I was just reading Murray’s “Redemption Accomplished And Applied.” What a good read! One thing I appreciate is Murray’s ability to prove his points in Scripture, using the language of the Bible.
I am troubled that so many men at Old Life, including DGH, down play sanctification. DGH went so far, as to call his works done in faith a bunch of dirty rags! How can DGH be a teacher?! Is that what God calls our works refined like pure gold, yes even fine gold? No. So why the disconnect with Darryl and sanctification? Darryl seems to question if good works are necessary at all!

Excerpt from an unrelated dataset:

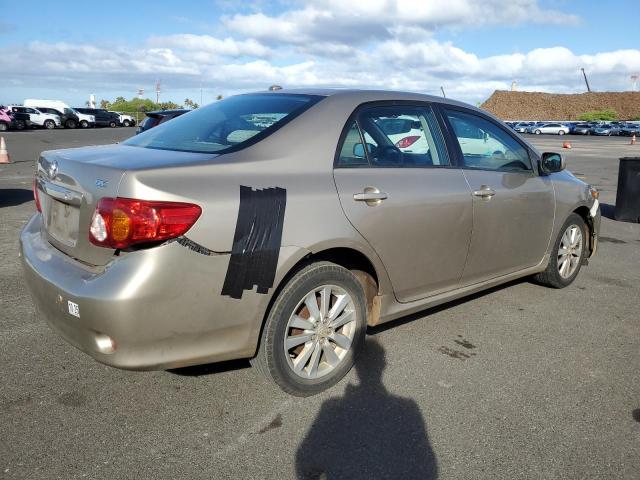 Vin: 1nxbu4ee4az275160, lot: 80801454, toyota corolla base 20103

When I stated that justification is not more important than sanctification the response here at Old Life was incredulous! Yet that exact statement word for word was found in the OPC report.
Why is it, when I attempt to exhort us to press on, *some* Old Lifer’s get their panties in a wad? Especially since sanctification is emphasized so clearly in Scripture. It’s only in our sanctification (which is subjective) that we have assurance. Because if we’re not trusting God in our daily life, then how can we say we trust his promise that we are truly saved?
When I asked DGH point blank, how does he know his faith isn’t dead? He responded, “I seek after the Lord”. Bingo! In other words, if we are not seeking the Lord, then we have no right to believe we were ever born of God.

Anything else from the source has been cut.